● Work item
Only the lines below between the one holding "Salmos 30:12 em imagem para compartilhar" and the one holding "Pull en laine", inclusive, are to be reproduced word for word; the pictures are to be left out.

● Data supplied
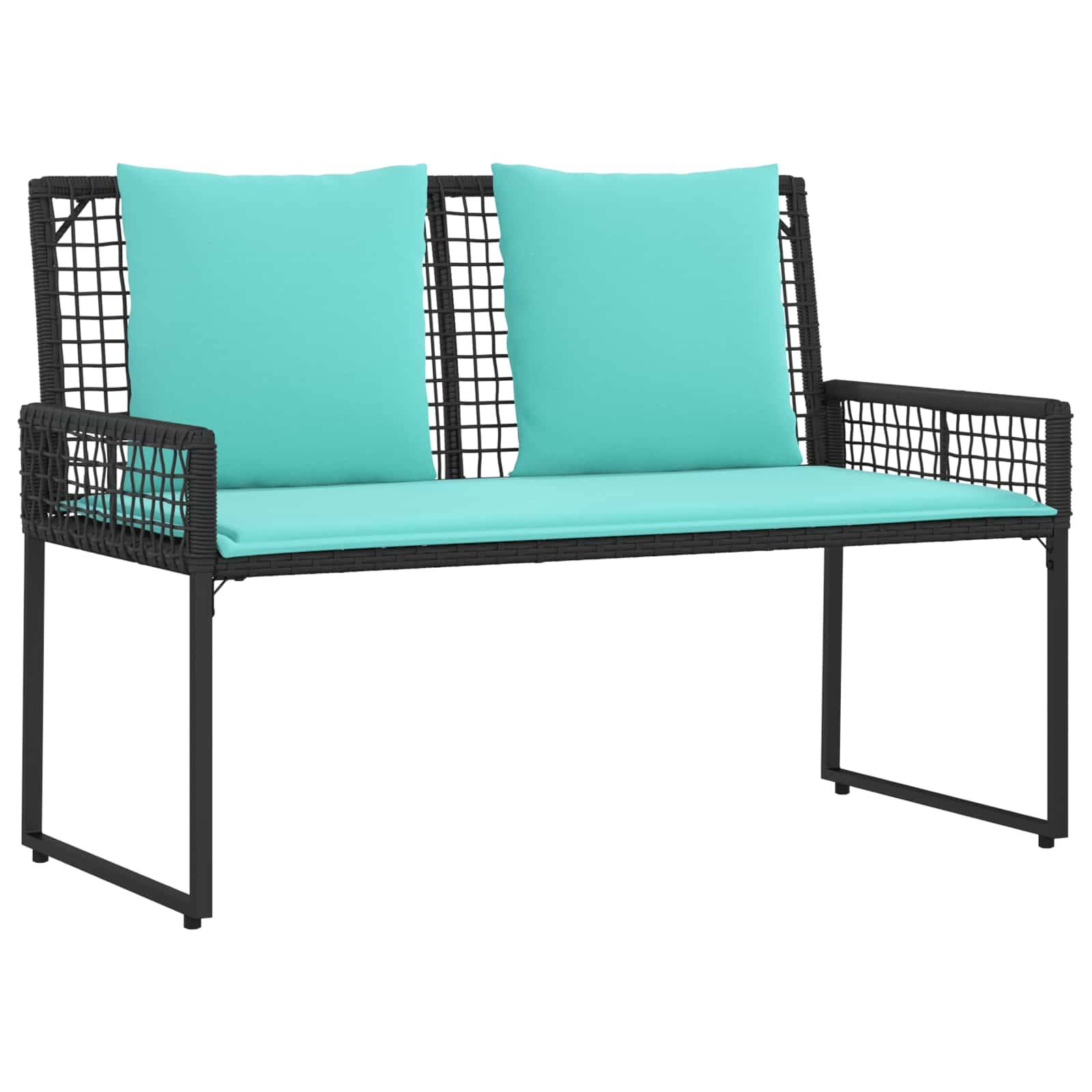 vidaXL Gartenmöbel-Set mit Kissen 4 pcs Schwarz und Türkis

...

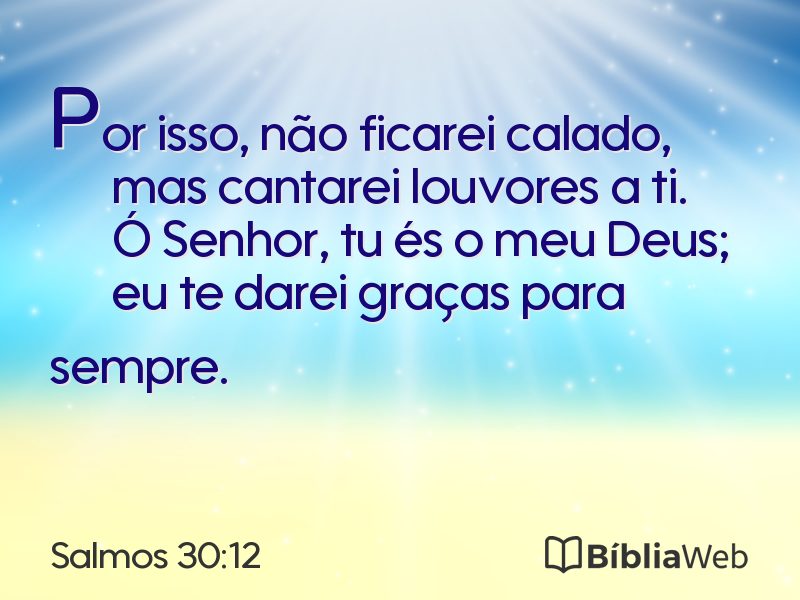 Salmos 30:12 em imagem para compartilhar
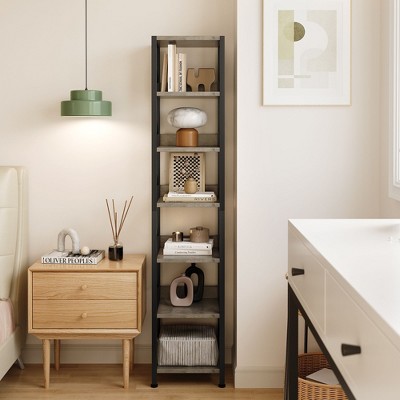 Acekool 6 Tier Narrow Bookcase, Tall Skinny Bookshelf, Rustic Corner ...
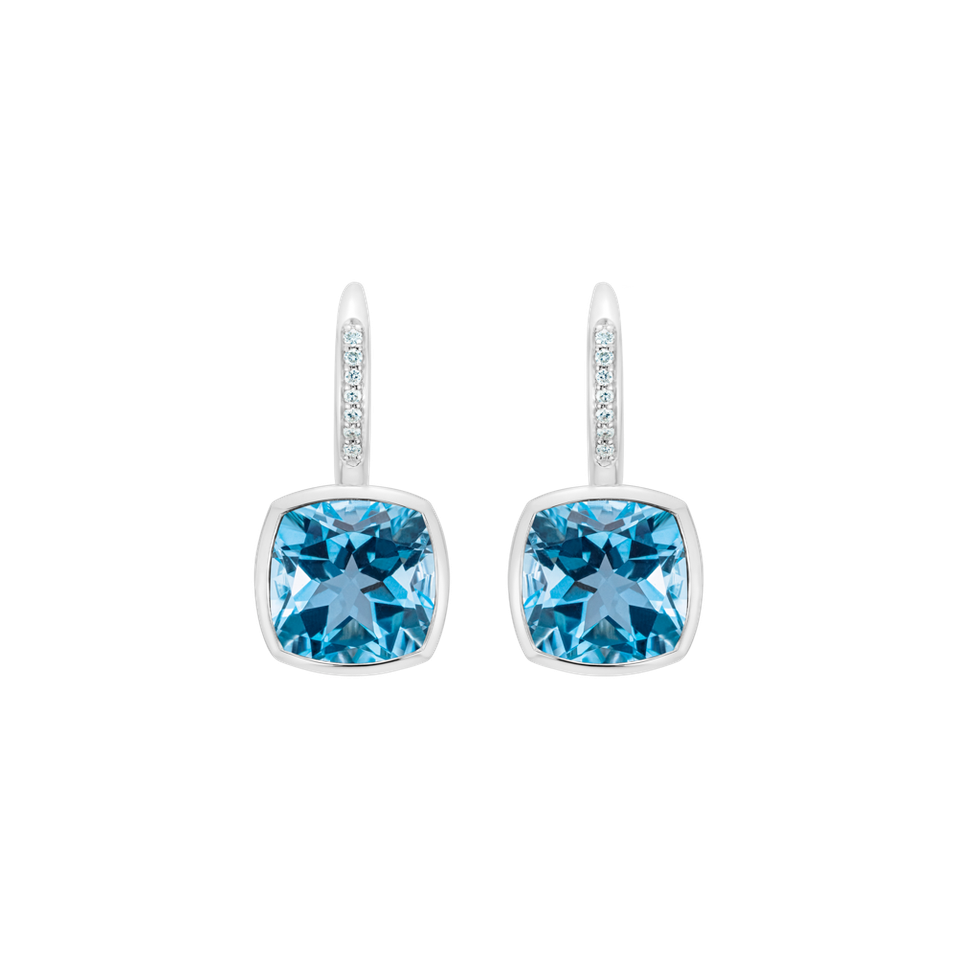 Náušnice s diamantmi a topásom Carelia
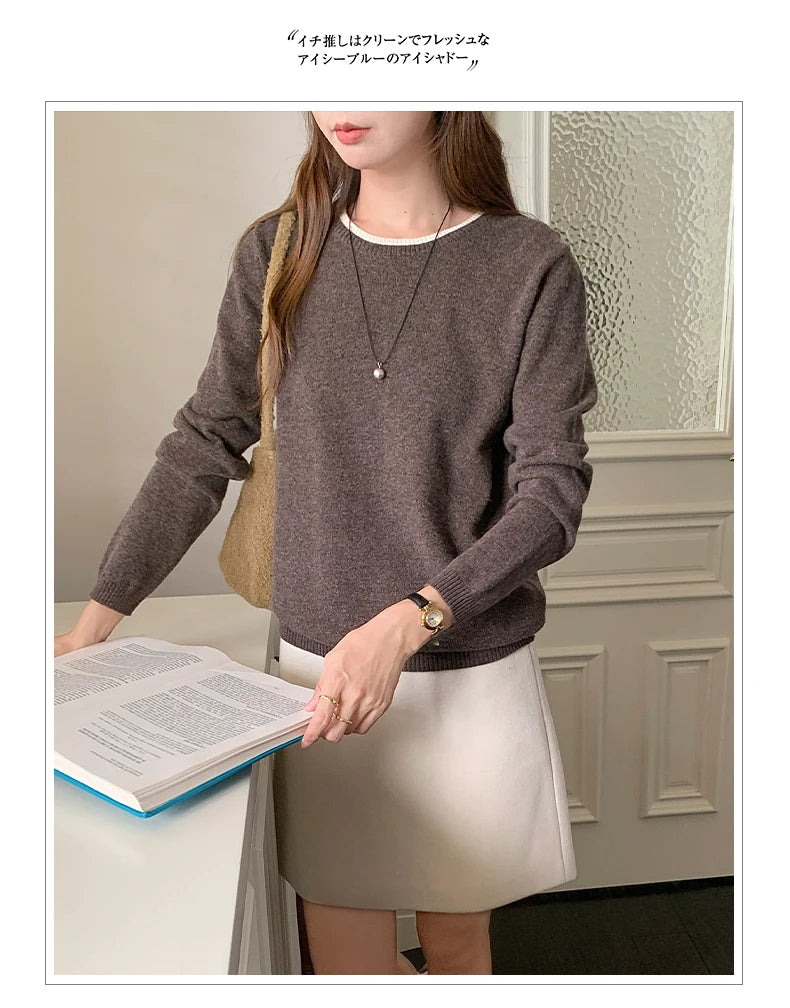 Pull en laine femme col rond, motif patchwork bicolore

==

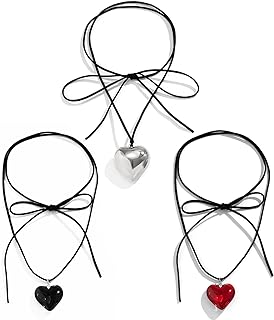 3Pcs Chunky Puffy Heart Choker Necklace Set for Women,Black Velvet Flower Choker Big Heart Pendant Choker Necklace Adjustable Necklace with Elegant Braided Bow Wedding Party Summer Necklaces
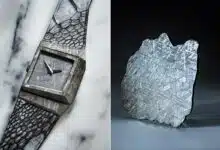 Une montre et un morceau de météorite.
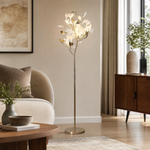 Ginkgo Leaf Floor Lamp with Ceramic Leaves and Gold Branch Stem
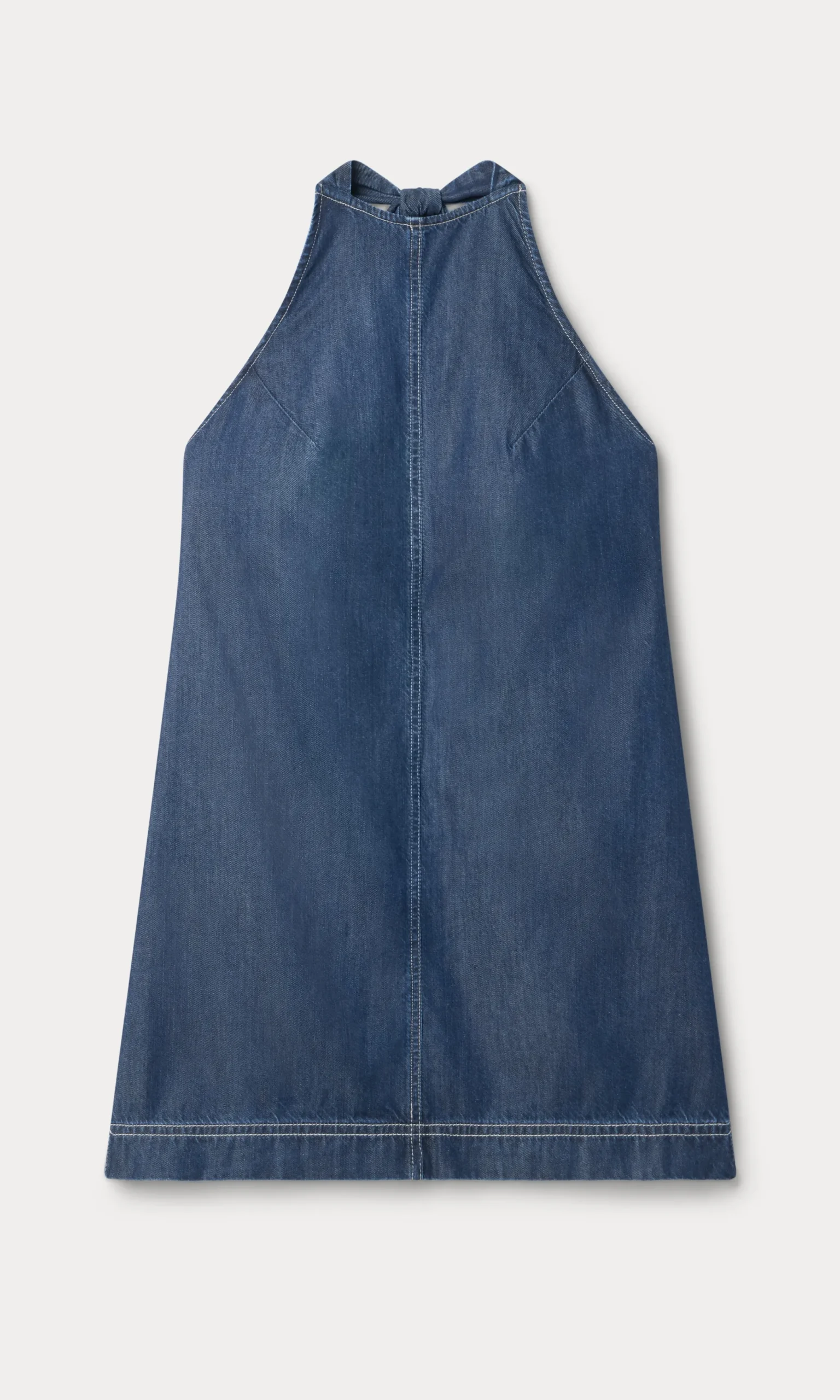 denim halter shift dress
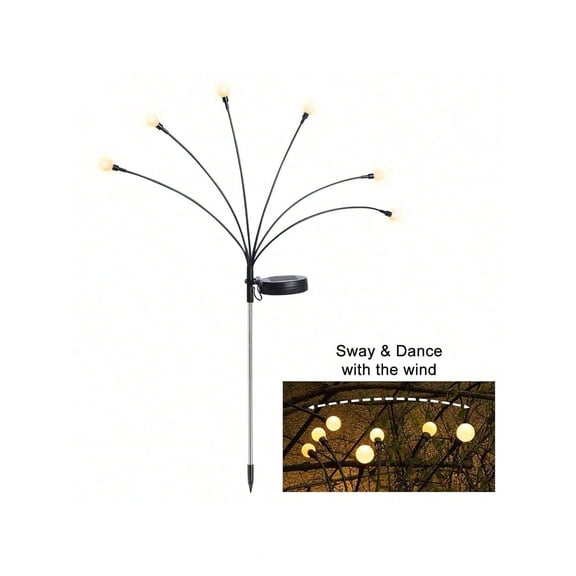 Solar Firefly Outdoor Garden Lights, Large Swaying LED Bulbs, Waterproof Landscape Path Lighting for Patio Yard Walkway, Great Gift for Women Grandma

● Completed exercise
 Salmos 30:12 em imagem para compartilhar
 Acekool 6 Tier Narrow Bookcase, Tall Skinny Bookshelf, Rustic Corner ...
 Náušnice s diamantmi a topásom Carelia
 Pull en laine femme col rond, motif patchwork bicolore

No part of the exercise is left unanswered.